Guangzhou Trials Live Poultry Sales Ban to End Bird Flu

China’s southern city of Guangzhou began a six-month trial campaign to end the sale of live poultry in some districts to reduce the spread of bird flu and improve food safety.

Retailers located in four areas were ordered to switch to the sale of chilled fresh poultry from approved slaughterhouses, according to a statement on the city’s website. Raising, storing, slaughtering and selling live birds is prohibited, effective yesterday, according the statement, which was dated April 26.

Trials are also under way in the nearby cities of Foshan and Shenzhen as Guangdong province seeks to phase out the live-poultry trade, blamed for fueling the spread of bird flu to humans, Nanfang Daily newspaper reported on April 29, citing Lin Yongsheng, deputy director of the food safety committee.

More than 120 people in China had been killed by the H7N9 strain of Avian Influenza as of April 21, according to the state-run Xinhua News Agency.
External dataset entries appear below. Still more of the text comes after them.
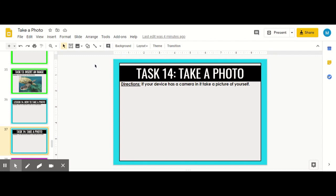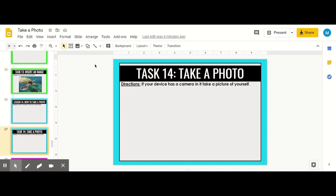In this video, we're going to learn how to take a picture and put it into your slide. Always make sure that it's okay with your adult in charge to take a picture and that your pictures are appropriate. You can do this by going up and clicking Insert.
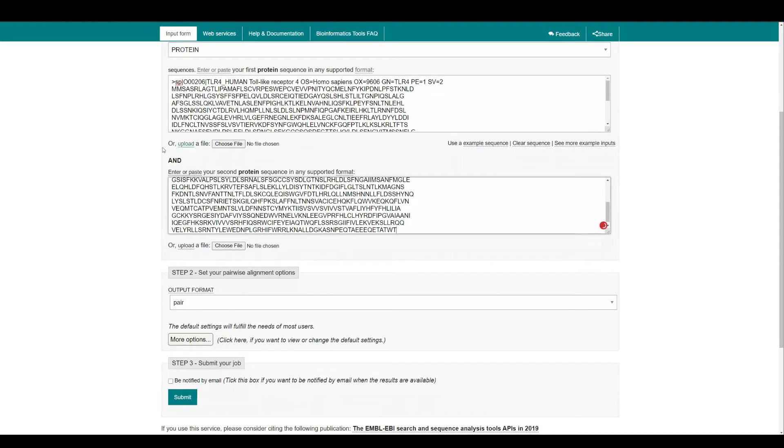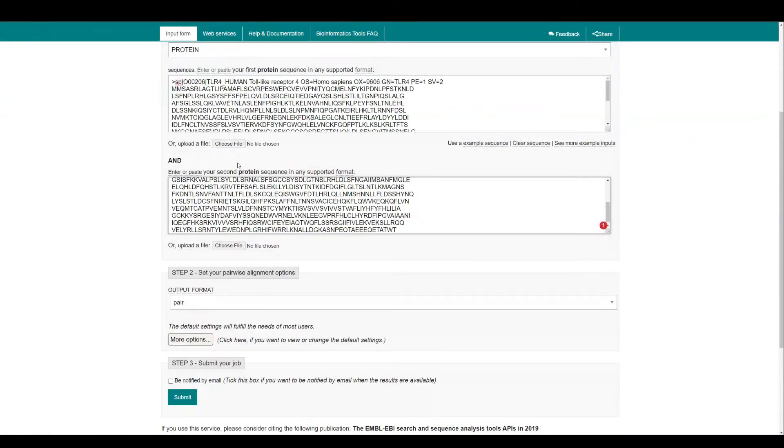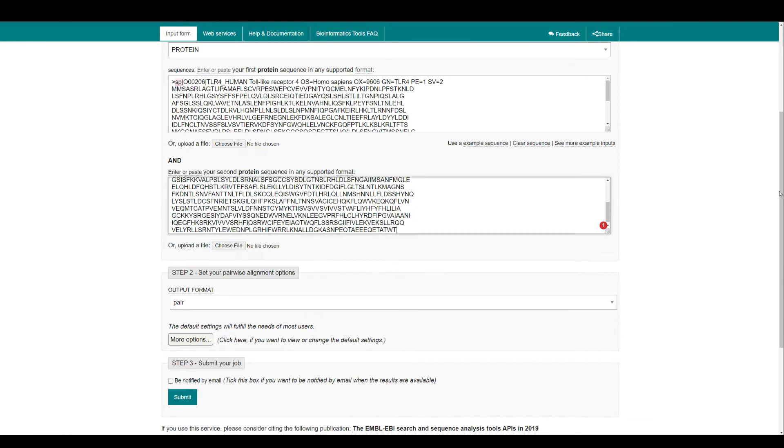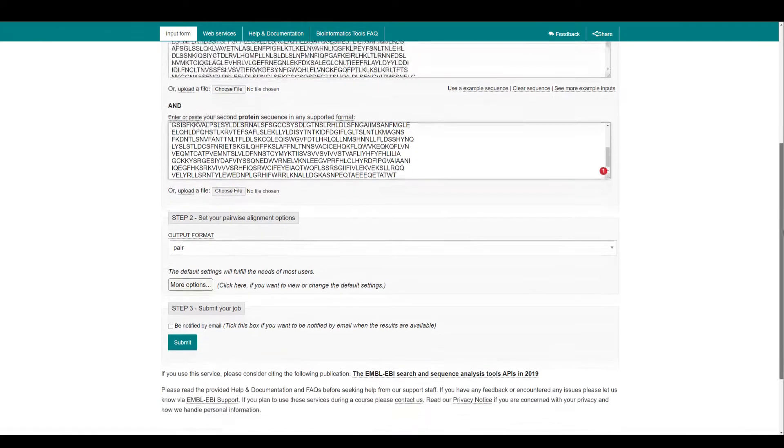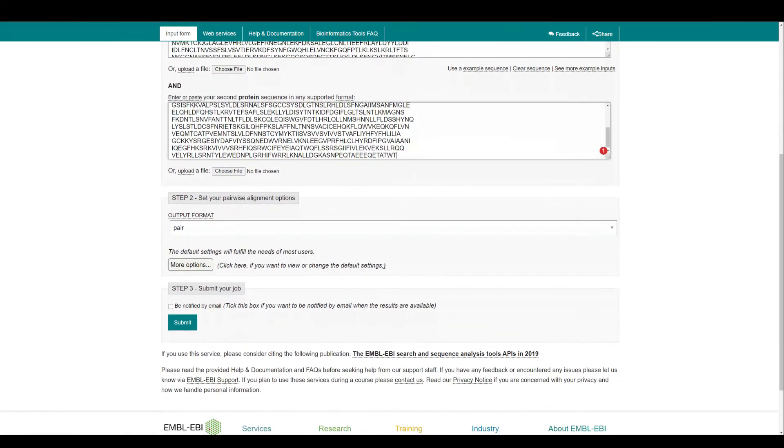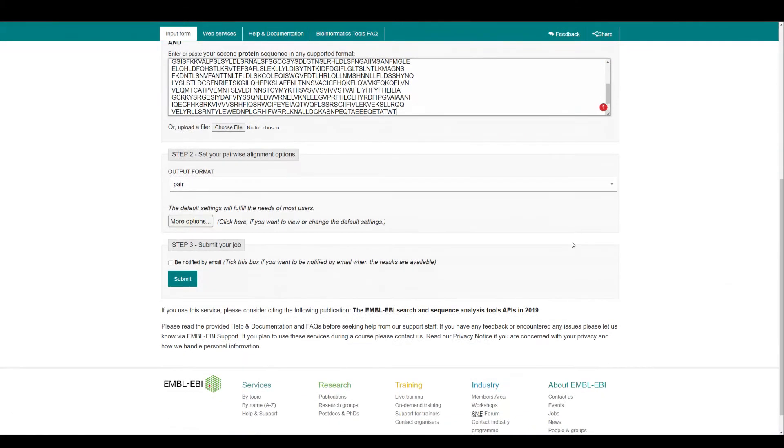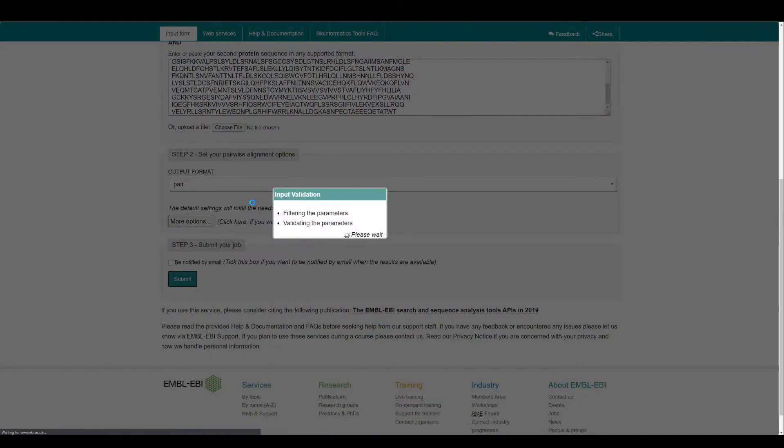You can also choose the selector, you can download this file and choose from this tab. You can also do what I've showed you. Now I'm going to use the default setting, but you can also change your settings. I'm just going to submit this.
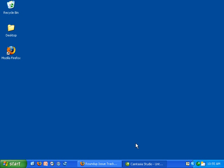During this screencast I'm going to show examples of Roundup issue trackers and I'm also going to download and install Roundup on this computer and start a demo tracker.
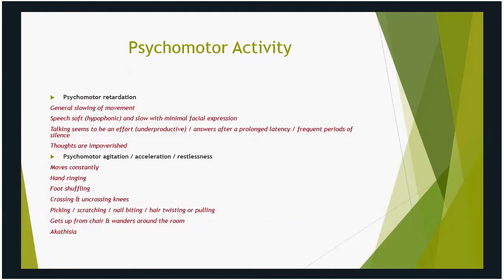Psychomotor activity is fairly easy to detect. Psychomotor retardation is a general slowing of movement — it appears as though they're walking through molasses. Their speech can be very soft, which we call hypophonic — very hard to understand. It can be very slow with minimal facial expressions. Speaking appears to be an effort; we say they have underproductive speech. They may answer only after a prolonged latency, which you see with profound depression. There may be frequent periods of silence — an example of thought blocking, responding to internal stimuli. Thoughts can be impoverished and speech underproductive.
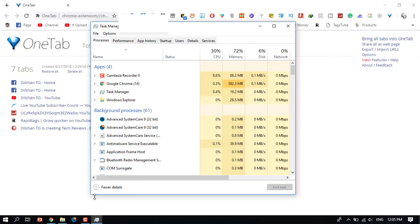This is how you can manage Google Chrome web browser memory usage. If you found this video helpful, please like and subscribe to the Dilshan TG channel.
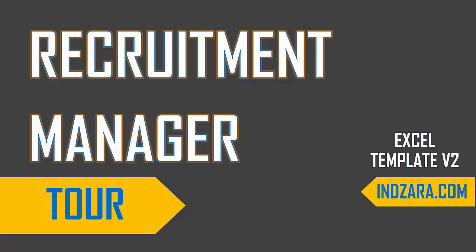Welcome to the tour video of the Recruitment Manager Excel template. In this video, we will take a look at the template live to go over its features. But before we do that, let's just recap the purpose of this template.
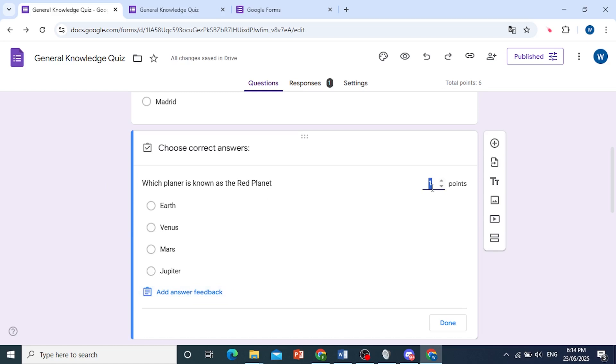So I'll just choose one point. And now we need to select the correct answer, so the correct answer here is Mars, as you can see. Then click on Done.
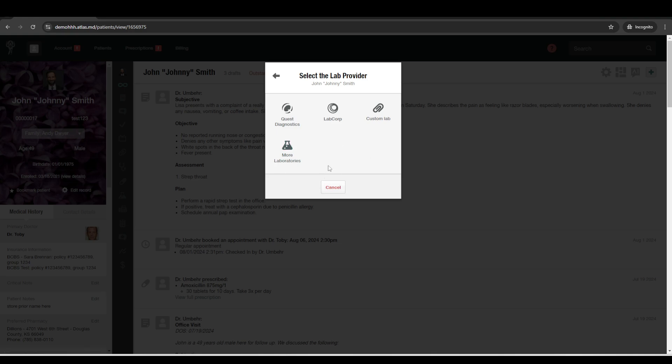There is an option to connect with labs outside of Quest or LabCorp, and that goes through our partners at lk.com. And they help bridge the gap to like hundreds of labs. So if there's a local or regional lab in your area that you would like to connect with, there are some options with that as well. But Quest and LabCorp are the most popular just because they have so many locations spread out.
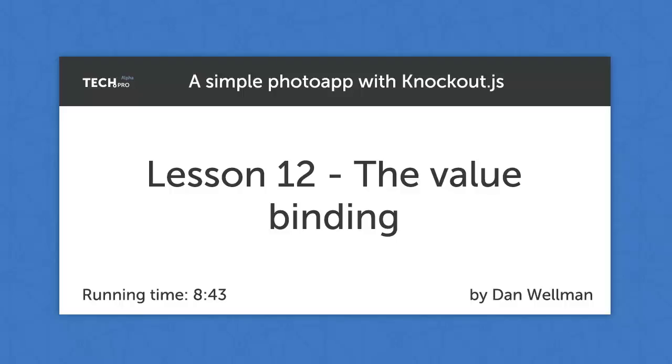Hi guys, in this lesson we're going to take a look at the value binding that Knockout provides. This is a form specific binding designed to work with input elements. We can add a value binding that will allow us to easily implement filtering capabilities to our app.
Governments from Guangzhou in the south to Hangzhou in the east temporarily closed some markets after finding that victims came into contact with live birds.

Guangzhou aim to “ensure poultry meat safety, prevent bird flu and transform the domestic poultry industry,” according to the report in the Nanfang Daily, which is controlled by the Guangdong province government. The province is China’s biggest regional economy and neighbors Hong Kong.

Guangzhou Kwangfeng Industry Co., Guangzhou Rongli Poultry Co. and Guangdong Tiannong Food Co., were chosen as authorized suppliers from among eight companies selling poultry to Hong Kong, the newspaper said, citing Lin.

The city government will give 7.2 million yuan ($1.2 million) in subsidies to the stalls and markets to install proper equipment for selling chilled fresh poultry, according to the daily.

The measures will be gradually extended city-wide after October, covering 70 percent of the Guangzhou’s poultry trade by 2017, Nanfang Daily said, citing a draft plan.